Could you output the whole listing exactly as it stands, minus any images?

━━━━━ Source material ━━━━━

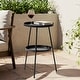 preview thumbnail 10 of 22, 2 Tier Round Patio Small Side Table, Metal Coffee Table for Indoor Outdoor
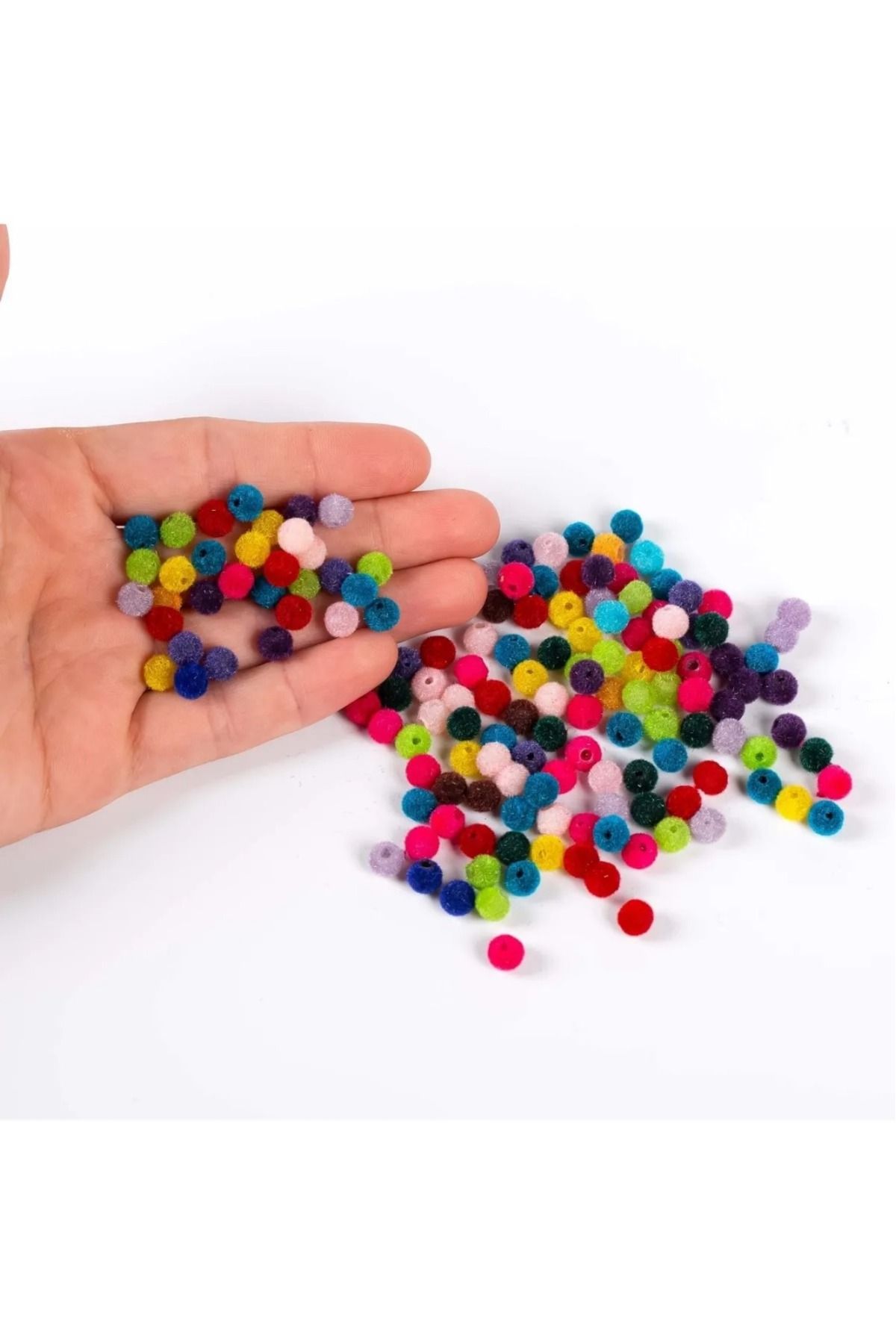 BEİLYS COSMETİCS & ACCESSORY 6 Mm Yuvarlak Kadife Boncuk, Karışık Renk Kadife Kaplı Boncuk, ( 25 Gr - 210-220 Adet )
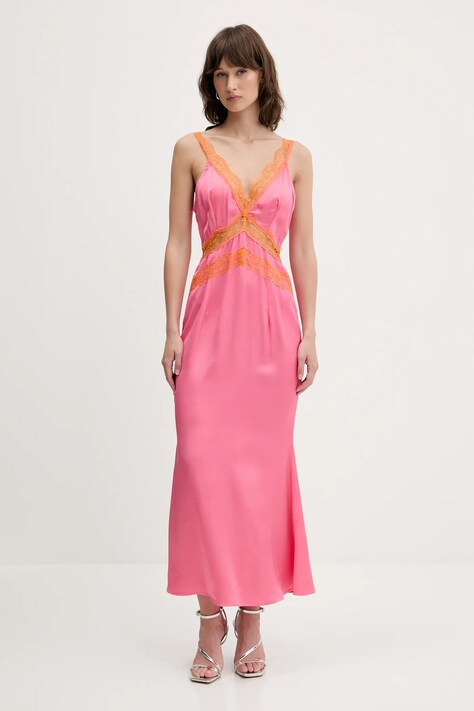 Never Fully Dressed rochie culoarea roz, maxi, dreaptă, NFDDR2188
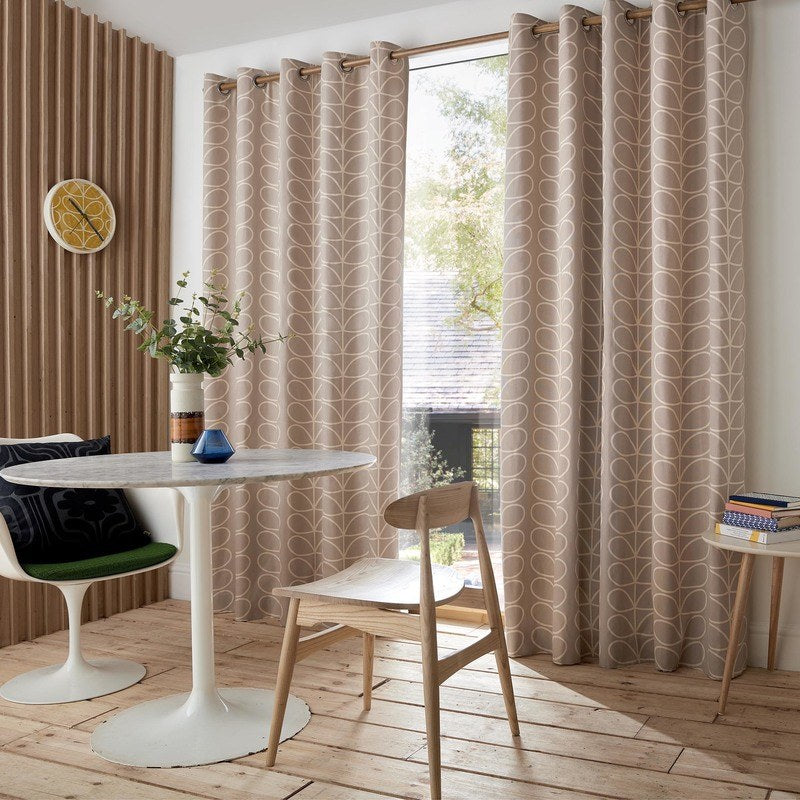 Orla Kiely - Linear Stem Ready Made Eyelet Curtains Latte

━━━━━

*Response*
 preview thumbnail 10 of 22, 2 Tier Round Patio Small Side Table, Metal Coffee Table for Indoor Outdoor
 BEİLYS COSMETİCS & ACCESSORY 6 Mm Yuvarlak Kadife Boncuk, Karışık Renk Kadife Kaplı Boncuk, ( 25 Gr - 210-220 Adet )
 Never Fully Dressed rochie culoarea roz, maxi, dreaptă, NFDDR2188
 Orla Kiely - Linear Stem Ready Made Eyelet Curtains Latte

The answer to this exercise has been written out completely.